Pharmacokinetic Properties

5.2   Pharmacokinetic properties

Darunavir exposure was shown to be comparable in a bioavailability trial between REZOLSTA and darunavir/ritonavir 800/100 mg q.d. at steady-state and fed conditions in healthy subjects.
The bioequivalence between REZOLSTA and darunavir/cobicistat 800/150 mg co-administered as single agents was established under fed and fasted conditions in healthy subjects.

Absorption

Darunavir
The absolute oral bioavailability of a single 600 mg dose of darunavir alone is approximately 37%.
Darunavir was rapidly absorbed following oral administration of REZOLSTA in healthy volunteers.
Maximum plasma concentration of darunavir in the presence of cobicistat is generally achieved within 3 to 4.5 hours. Following oral administration of REZOLSTA in healthy volunteers, maximum plasma concentrations of cobicistat were observed 2 to 5 hours post-dose.

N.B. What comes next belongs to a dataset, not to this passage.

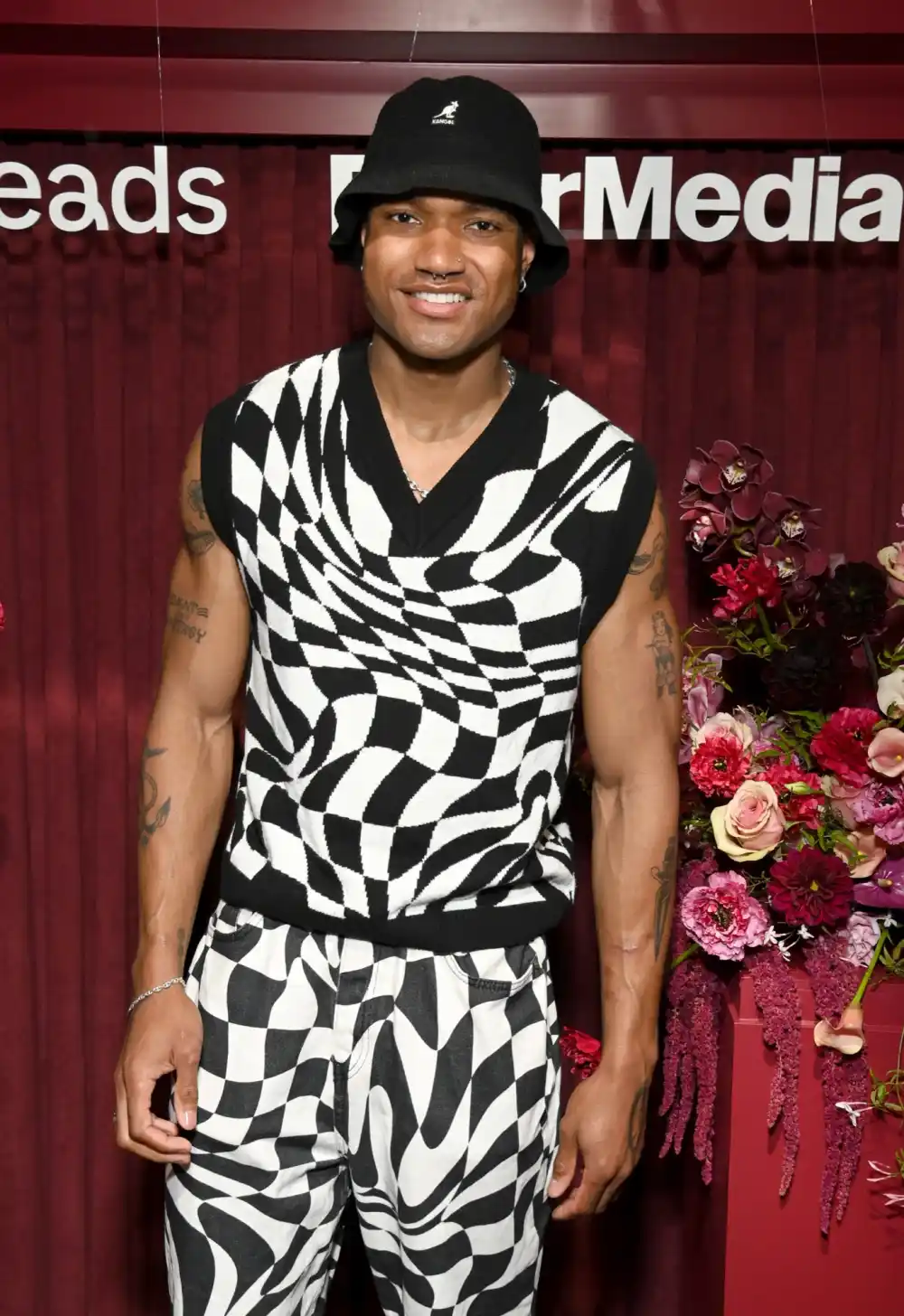 Summer House Star KJ Dillard Confirms Romance With Costar Dara Levitan I Love Her Tremendously Threads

When administered with food, the relative exposure of darunavir is 1.7-fold higher as compared to intake without food. Therefore, REZOLSTA tablets should be taken with food. The type of food does not affect exposure to REZOLSTA.

Distribution

Darunavir
Darunavir is approximately 95% bound to plasma protein. Darunavir binds primarily to plasma α1-acid glycoprotein.
Following intravenous administration, the volume of distribution of darunavir alone was 88.1 ± 59.0 l (Mean ± SD) and increased to 131 ± 49.9 l (Mean ± SD) in the presence of 100 mg twice-daily ritonavir.

Cobicistat
Cobicistat is 97 to 98% bound to human plasma proteins and the mean plasma to blood-drug concentration ratio was approximately 2.

Biotransformation

Darunavir
In vitro experiments with human liver microsomes (HLMs) indicate that darunavir primarily undergoes oxidative metabolism. Darunavir is extensively metabolised by the hepatic CYP system and almost exclusively by isozyme CYP3A4. A 14C-darunavir trial in healthy volunteers showed that a majority of the radioactivity in plasma after a single 400/100 mg darunavir with ritonavir dose was due to the parent active substance. At least 3 oxidative metabolites of darunavir have been identified in humans; all showed activity that was at least 10-fold less than the activity of darunavir against wild type HIV.

Cobicistat
Cobicistat is metabolised via CYP3A (major)- and CYP2D6 (minor)-mediated oxidation and does not undergo glucuronidation. Following oral administration of 14C-cobicistat, 99% of circulating radioactivity in plasma was unchanged cobicistat. Low levels of metabolites are observed in urine and faeces and do not contribute to the CYP3A inhibitory activity of cobicistat.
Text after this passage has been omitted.